A big chunk of the decline in solar prices has been the decline in prices for solar panels. They went from $80 a watt back in the late 70s, to about $5 a watt during the Bush administration to about $0.50 a watt now. They’ve declined in price 90% just in the last decade.

However, there are other costs of a solar system and those are not going down. The panels themselves may only be $0.50, but there is still another $2-3 of costs for other hardware, installation, taxes, etc.

So who knows how much solar will continue to decline, because most of the decline up until now was due to the panels themselves becoming cheaper. Back when it costs $8 per installed watt ($5 for the panel, $3 for everything else) cheaper panels was a great idea. Now that it costs $3.50 an installed watt ($0.50 for the panel, $3 for everything else) cheaper panels won’t make a difference.

Either way, there are efforts at building storage on both an industrial and residential level for renewable energy. However who knows how long until it becomes affordable and mass produced.

In an ideal world, we will be looking at solar that is $1/watt installed or less and also affordable localized energy storage by the 2030s. But who knows if we will get there.

Hydro power is great by pretty much every measure: It’s cheap, it’s large-scale, it’s reliable, it’s responsive, it’s (relatively) environmentally-friendly, and so on. But we can’t just build more because we’ve already built hydro plants nearly everywhere that they can be built. Which we’ve done, of course, because it’s so great. Right now, the only way to increase the share of power generation from hydro is to decrease the total consumption (which is, of course, a good idea to the extent that we practically can).

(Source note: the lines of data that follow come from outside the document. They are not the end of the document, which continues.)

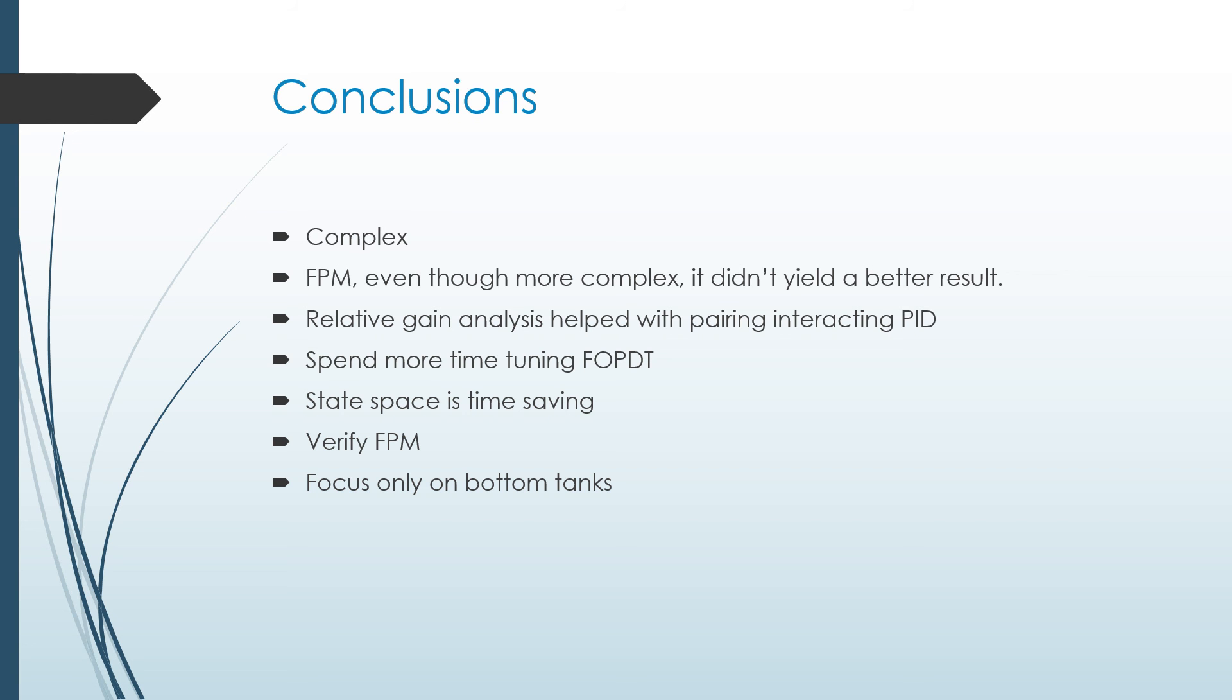If we were going to do it again, we just decided we would focus the first principles model only on the level of bottom tanks because we didn't really care as much about the top. Those are what we learned. Do you have any questions? Thank you.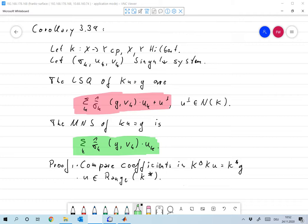One important remark: the sum must exist, and that is not guaranteed. The terms 1/σk grow large and are not bounded. If the singular system is infinite, then the σk accumulate at zero — they converge to zero — which means the 1/σk diverge to infinity, so there is no upper bound on the 1/σk.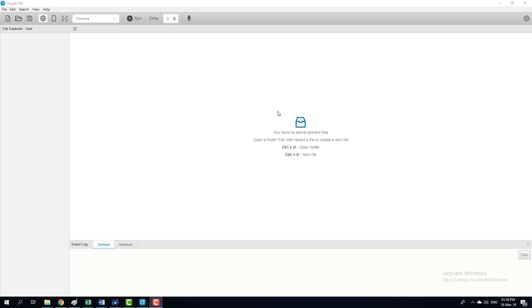Hello everyone, it's Ben from CloudBeat and in this video I'd like to show you how to record and run a web test using the Oxygen IDE.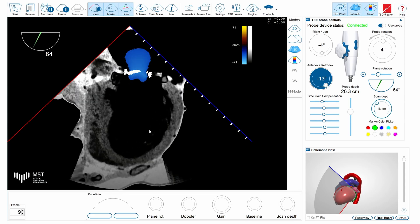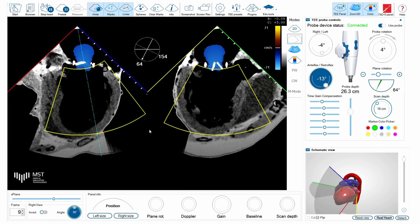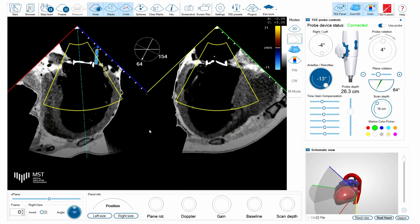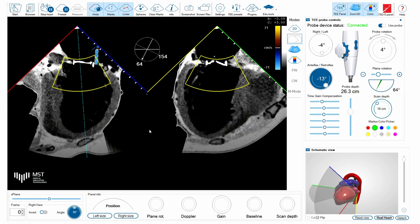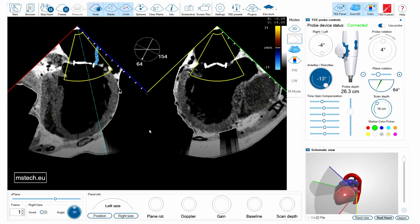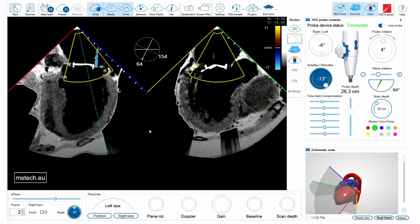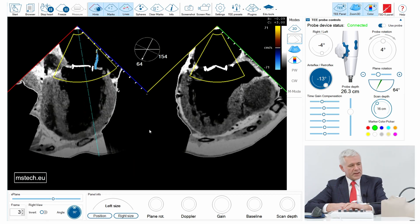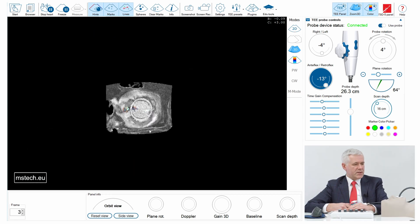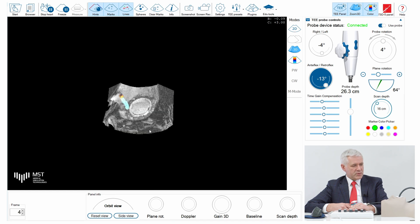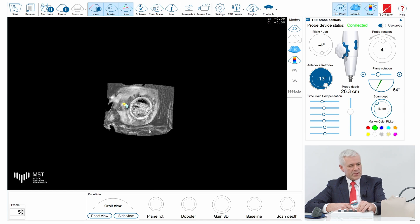So let's have a look at how it looks in 3D imaging. I put my region of interest at the level of the mitral valve, activate the 3D imaging, and here is the color 3D mode showing you where the paravalvular leak is located.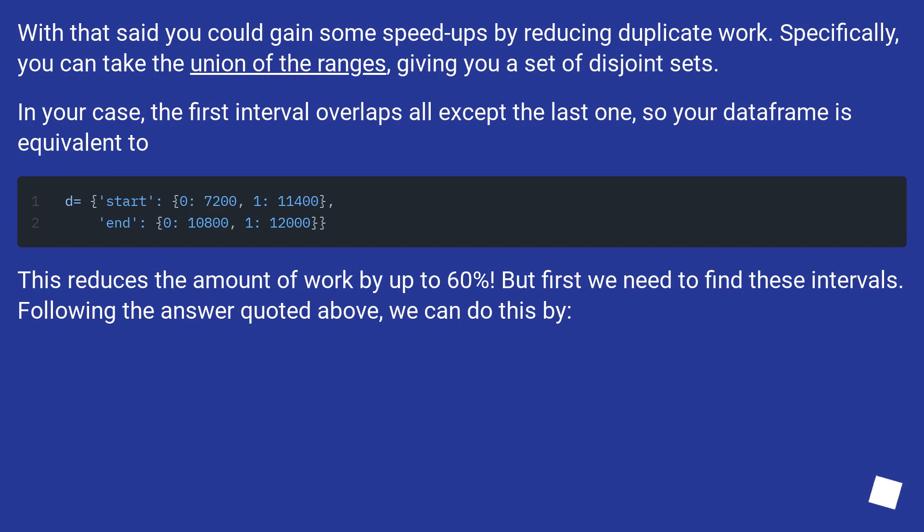In your case, the first interval overlaps all except the last one, so your DataFrame is equivalent too. This reduces the amount of work by up to 60%.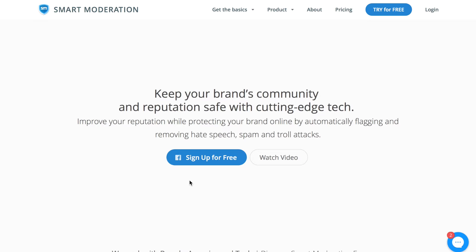Hi, it's Denise from Smart Moderation. Smart Moderation is an artificial intelligence that automatically detects and deletes inappropriate comments in real-time from social networks and digital platforms.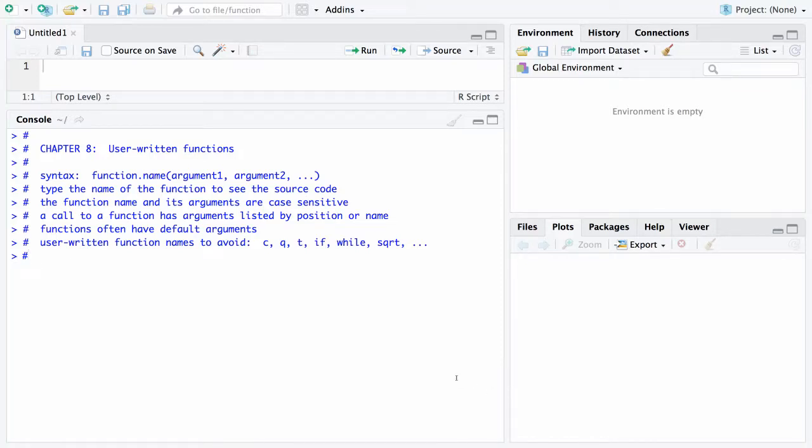This begins a new chapter, Chapter 8, which is referred to as user-written functions. In the previous chapter we surveyed some of the built-in functions to R, and those include things like square root and mean and standard deviation. There are hundreds and hundreds of these functions that are out there in R that are available for your use.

Realistically, when we’re talking about adding renewable power to the grid in the US, we’re talking about mostly wind, plus a bit of solar. Other technologies like geothermal might be practical in some places, but not everywhere is Iceland.

Electric power production in the US peaked in 2007. Slight decrease since then. (So The Crash may have started it, but other factors kept it going.) The decrease is more noticeable if you factor in per capita.

So there’s no real need to build a bunch of power plants, of any type, to add to the grid for the most part. (Certain growing areas excluded.) So we’re talking about replacement for the most part here. If a utility is thinking about upgrading/replacing something, the coal plants are going to be high on the list.

Note that there’s a small number of businesses and individuals adding their own solar to reduce some power costs, still relying on the grid for the rest. Walmart has been adding solar panels to the roofs of many of their stores, for example. (And if Walmart is doing it, the numbers have got to be good.)

This inroad into the already shrinking demand for power from utilities is not making them happy. So several state legislatures are putting in laws that penalize people for adding solar panels. John Oliver did a nice segment on this.

Yeah, coal is going to go away (and that’s of course an exaggeration). But natural gas is still a good investment so that’s the current winner as far as the utilities are concerned. Renewable beating coal isn’t the big story. It doesn’t take much to beat coal.

Are those coal jobs coming back? No. And the number one reason by far is automation. Reduced demand for coal is a far second. You’d have to be a Luddite to think that coal jobs are coming back.